Más allá de que el conglomerado gobernante en la ciudad –resulta imposible llamarlo partido político– está lejos de ser homogéneo y de que muchas de las acciones ideadas desde el rincón de Rodríguez Larreta están lejos de ser gratas al ministro de Cultura, Hernán Lombardi, y de que de uno y otro lado suelen irritar a –y ser irritados por– el director del Colón, Pedro Pablo García Caffi, este “día del peluquero” en el Colón no está aislado de hechos como la utilización del San Martín como salón para el cumpleaños de un amigo de Mauricio Wainrot –con el ballet que él dirige animando la fiestita– o para una convención de intelectuales de derecha (perdón por el oxímoron). O la entrega de los Martín Fierro y la próxima reunión del Comité Olímpico Internacional en el Colón. O la elección de “Miss Boquita” en la Usina del Arte. En todos estos casos se evidencia una relación de tensión muy fuerte con el fundamento de estos teatros, es decir ni más ni menos que con lo que hace que se justifique su existencia como emprendimientos públicos, financiados por los impuestos ciudadanos. Podría tratarse, por supuesto, de salones para eventos. O de salas destinadas al teatro comercial o a músicas que pudieran garantizar ganancias económicas. Pero, en esos casos, no tendría ningún sentido que las pagara la ciudadanía.

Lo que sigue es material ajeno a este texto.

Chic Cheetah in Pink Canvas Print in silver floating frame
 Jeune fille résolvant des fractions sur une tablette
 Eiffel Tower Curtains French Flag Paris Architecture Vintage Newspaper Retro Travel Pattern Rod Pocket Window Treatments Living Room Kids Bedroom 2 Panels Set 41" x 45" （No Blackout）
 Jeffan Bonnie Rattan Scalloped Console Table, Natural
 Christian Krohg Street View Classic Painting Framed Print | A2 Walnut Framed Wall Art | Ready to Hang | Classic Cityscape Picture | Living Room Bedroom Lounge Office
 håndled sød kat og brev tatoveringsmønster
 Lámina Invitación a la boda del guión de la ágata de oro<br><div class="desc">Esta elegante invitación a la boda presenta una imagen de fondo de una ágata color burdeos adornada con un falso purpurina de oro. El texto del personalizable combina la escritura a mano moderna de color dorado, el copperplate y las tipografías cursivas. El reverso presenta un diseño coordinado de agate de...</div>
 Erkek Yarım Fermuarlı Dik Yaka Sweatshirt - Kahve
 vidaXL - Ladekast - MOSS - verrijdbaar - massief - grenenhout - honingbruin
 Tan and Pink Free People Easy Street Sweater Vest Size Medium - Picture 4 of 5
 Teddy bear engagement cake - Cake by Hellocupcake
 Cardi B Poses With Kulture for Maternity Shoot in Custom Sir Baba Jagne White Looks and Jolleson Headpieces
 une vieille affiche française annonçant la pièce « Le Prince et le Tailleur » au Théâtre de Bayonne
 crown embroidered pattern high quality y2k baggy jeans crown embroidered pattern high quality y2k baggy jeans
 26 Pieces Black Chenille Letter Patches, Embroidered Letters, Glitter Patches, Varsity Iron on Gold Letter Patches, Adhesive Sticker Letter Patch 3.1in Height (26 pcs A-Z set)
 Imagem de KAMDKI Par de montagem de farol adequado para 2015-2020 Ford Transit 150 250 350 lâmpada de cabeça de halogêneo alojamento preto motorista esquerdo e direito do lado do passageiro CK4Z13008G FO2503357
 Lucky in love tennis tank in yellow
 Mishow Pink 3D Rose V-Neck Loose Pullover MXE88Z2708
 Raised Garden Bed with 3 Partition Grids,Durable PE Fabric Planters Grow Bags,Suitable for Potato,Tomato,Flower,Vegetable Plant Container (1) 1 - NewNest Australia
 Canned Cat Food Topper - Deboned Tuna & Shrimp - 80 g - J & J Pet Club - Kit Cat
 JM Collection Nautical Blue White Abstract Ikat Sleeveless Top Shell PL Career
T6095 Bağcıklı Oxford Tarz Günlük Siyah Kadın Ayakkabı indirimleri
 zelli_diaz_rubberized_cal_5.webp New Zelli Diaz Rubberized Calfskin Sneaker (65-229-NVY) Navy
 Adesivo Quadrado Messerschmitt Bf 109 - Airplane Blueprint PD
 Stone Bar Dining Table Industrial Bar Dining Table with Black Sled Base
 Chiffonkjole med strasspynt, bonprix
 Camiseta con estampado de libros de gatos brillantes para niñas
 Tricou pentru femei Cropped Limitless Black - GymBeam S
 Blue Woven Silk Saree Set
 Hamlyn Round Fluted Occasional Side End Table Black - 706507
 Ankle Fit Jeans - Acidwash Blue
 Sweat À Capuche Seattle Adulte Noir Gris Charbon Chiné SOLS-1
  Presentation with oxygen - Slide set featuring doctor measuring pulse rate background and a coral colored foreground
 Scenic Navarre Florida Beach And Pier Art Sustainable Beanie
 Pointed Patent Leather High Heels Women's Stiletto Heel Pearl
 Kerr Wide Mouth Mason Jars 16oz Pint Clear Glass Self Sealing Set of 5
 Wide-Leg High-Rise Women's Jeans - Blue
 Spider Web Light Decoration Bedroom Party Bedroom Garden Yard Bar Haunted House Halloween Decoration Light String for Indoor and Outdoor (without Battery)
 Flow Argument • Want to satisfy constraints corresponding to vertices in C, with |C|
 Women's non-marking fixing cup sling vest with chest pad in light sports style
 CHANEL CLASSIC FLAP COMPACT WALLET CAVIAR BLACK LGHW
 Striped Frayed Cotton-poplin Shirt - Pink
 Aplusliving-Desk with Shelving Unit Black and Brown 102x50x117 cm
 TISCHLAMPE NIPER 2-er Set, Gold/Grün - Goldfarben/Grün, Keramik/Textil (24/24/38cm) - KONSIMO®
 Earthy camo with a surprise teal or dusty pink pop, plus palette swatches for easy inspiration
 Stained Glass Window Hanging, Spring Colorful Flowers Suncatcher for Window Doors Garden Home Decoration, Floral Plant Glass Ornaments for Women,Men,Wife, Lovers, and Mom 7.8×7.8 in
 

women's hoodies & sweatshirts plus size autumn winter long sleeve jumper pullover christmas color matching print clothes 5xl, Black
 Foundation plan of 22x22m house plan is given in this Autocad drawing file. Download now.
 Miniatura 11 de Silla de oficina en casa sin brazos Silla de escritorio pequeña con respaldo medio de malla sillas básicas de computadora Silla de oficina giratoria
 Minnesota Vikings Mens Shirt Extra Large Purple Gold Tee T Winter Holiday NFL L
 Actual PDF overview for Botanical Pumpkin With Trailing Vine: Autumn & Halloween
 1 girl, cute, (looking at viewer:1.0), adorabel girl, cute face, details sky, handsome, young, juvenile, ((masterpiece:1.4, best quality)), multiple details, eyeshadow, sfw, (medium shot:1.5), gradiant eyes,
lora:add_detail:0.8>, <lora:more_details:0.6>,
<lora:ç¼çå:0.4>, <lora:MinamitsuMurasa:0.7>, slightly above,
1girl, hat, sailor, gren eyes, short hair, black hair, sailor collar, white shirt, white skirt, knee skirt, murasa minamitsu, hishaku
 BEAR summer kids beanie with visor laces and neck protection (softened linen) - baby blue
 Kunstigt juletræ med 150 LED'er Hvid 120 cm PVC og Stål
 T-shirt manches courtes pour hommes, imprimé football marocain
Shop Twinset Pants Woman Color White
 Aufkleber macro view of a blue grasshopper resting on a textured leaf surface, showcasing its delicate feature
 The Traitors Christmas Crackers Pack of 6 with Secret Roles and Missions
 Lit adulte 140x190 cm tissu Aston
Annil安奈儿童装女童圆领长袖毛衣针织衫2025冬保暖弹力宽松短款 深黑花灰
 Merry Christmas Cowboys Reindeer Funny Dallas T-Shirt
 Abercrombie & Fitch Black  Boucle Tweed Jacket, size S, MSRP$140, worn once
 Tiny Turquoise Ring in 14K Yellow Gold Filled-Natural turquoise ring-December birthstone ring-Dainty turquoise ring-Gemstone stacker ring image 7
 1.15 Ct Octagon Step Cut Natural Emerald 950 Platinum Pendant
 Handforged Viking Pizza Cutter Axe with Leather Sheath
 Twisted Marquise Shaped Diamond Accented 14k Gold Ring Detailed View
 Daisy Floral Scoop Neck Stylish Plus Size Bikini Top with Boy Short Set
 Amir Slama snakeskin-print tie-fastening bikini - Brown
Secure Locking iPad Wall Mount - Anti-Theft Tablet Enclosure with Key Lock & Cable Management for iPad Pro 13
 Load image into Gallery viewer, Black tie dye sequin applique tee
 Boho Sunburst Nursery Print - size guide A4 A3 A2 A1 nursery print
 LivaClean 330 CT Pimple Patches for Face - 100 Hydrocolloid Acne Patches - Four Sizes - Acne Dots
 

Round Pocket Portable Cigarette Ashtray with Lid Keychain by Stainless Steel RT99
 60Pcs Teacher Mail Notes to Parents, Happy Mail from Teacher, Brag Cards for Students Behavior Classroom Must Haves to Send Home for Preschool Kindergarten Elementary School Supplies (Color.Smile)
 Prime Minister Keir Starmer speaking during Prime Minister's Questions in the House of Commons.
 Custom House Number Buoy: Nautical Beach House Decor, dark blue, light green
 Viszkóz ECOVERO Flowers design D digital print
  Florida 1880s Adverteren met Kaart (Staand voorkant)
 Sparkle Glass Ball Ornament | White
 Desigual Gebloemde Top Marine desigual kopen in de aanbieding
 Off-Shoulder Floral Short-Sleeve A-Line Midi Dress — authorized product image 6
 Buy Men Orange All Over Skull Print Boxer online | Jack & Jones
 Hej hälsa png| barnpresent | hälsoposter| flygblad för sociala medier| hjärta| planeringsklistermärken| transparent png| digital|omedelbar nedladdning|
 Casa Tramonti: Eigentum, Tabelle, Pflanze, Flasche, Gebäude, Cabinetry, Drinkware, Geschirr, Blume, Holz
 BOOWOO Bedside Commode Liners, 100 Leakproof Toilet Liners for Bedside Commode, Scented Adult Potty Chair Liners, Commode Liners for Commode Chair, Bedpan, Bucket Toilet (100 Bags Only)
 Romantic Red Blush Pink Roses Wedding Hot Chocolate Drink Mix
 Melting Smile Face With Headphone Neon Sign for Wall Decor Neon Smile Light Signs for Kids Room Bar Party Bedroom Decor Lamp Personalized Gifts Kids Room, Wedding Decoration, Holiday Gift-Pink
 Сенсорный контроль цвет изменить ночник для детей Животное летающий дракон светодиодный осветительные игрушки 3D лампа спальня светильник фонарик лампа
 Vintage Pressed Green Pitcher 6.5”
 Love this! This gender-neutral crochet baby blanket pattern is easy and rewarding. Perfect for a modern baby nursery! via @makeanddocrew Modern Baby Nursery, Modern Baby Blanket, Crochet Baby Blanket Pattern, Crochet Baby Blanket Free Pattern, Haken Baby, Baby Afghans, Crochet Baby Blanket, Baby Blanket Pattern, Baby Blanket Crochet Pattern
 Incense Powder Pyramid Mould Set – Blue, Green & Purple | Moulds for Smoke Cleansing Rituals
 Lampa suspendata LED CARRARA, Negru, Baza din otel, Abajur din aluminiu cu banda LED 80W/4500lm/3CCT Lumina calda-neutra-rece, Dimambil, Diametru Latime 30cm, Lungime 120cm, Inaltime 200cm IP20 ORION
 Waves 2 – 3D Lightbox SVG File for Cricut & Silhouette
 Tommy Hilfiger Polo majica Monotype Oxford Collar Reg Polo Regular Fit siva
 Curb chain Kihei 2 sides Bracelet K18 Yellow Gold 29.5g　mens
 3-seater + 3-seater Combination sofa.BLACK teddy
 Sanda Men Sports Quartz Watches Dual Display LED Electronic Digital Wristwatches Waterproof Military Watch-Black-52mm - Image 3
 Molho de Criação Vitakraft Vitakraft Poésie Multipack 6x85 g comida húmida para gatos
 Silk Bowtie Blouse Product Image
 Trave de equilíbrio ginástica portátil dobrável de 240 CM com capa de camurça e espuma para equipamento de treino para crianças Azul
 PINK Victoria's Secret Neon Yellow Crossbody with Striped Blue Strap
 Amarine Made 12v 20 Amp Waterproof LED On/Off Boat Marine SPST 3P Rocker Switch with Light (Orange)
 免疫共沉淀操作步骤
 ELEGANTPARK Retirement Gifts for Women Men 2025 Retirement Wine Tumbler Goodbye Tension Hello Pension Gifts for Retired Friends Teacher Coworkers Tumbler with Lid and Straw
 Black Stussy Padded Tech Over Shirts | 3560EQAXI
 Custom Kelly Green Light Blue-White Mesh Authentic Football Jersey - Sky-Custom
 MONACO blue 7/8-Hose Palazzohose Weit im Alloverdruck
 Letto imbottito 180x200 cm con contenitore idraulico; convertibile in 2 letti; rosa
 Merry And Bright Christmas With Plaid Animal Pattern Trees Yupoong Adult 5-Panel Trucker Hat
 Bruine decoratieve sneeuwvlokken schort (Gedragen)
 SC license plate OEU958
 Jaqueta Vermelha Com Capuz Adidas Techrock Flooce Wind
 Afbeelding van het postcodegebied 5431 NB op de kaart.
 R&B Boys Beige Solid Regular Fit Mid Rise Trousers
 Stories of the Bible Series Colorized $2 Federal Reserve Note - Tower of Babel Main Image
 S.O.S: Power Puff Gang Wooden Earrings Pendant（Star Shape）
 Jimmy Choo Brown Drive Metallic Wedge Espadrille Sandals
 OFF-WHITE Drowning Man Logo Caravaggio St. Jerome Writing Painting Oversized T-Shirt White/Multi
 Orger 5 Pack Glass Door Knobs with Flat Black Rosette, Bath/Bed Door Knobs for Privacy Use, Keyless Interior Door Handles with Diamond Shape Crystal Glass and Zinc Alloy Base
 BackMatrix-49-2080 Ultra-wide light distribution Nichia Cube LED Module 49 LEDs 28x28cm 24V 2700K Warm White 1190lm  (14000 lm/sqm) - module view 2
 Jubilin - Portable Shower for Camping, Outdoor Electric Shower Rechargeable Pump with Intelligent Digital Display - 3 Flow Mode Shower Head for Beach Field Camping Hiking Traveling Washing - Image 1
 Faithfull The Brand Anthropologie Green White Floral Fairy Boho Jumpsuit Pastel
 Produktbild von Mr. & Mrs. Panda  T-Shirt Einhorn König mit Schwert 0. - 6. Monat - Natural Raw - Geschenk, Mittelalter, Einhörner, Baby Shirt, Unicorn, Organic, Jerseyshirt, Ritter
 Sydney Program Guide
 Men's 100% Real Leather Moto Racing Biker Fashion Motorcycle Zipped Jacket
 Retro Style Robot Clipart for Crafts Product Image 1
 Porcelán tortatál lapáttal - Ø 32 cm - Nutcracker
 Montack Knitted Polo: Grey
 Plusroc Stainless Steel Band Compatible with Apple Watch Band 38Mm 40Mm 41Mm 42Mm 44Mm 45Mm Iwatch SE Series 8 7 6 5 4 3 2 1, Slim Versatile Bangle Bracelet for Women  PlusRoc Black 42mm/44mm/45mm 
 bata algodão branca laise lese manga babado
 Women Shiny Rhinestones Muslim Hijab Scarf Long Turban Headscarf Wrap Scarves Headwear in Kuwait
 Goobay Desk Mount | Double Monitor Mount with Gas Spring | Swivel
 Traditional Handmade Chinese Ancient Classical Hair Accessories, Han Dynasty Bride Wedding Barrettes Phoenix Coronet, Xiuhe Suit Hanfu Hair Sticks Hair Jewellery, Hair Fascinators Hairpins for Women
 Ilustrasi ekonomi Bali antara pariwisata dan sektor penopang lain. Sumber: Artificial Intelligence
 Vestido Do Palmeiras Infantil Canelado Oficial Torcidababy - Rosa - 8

Si no se cree en la función del Estado como resguardo del patrimonio cultural y como motor de nuevas creaciones en el campo de las artes, los teatros como el San Martín o el Colón no tienen sentido. Los teatros públicos no encuentran su justificación en el hecho de que puedan resultar buenos negocios. No se han creado para eso, no se destina a ellos un presupuesto generado por los impuestos para eso, y, si lo que se quisiera fuera eso, habría caminos mucho más eficaces (renta de cocheras, la comercialización de la soja) que destinarlos a aquello para lo que no fueron pensados. Pero, además, si se tratara de un programa de alquileres racional, que no alterara las programaciones de los teatros y cuyo producido se informara con claridad y se destinara, por ejemplo, a más funciones con entradas muy baratas, o a encargos a obras de dramaturgos y compositores, o a estrenos de composiciones nuevas, la cuestión sería muy otra. En este caso, con los peluqueros (y más adelante, por qué no, los agrimensores, los empleados textiles, los enfermeros y enfermeras, los talabarteros y los podólogos, todos ellas y ellos con profesiones tan dignas como la de los barberos y estilistas del cabello) de lo que se trata es de la utilización de los bienes públicos como si fueran posesiones privadas. Y de una gestión de gobierno que, partiendo de su desconocimiento e incomprensión de la materia, es incapaz de generar políticas al respecto. Es muy posible que el Teatro San Martín y el Colón no hayan formado parte, como lo ha sido para miles de porteños, de la educación sentimental de Gabriela Michetti, Diego Santilli, Horacio Rodríguez Larreta o Mauricio Macri. Es posible que ellos se encuentren algo azorados ante estas salas que estrenaron obras de Constantino Gaito, Gerardo Gandini, Martín Matalón y, también, Richard Strauss o Giacomo Puccini, y por las que pasaron Tadeusz Kantor, Pina Bausch, Oscar Aráiz, Ariel Bufano, Ana Itelman o Juan Carlos Gené. Podría apostarse a que jamás han concurrido a los ciclos de la Sala Lugones. Quizá verdaderamente no sepan para qué eran ni para qué deben ser estos teatros. Corresponde que sean los ciudadanos, todavía hoy sus dueños reales, quienes les enseñen y exijan respeto por ellos y su historia.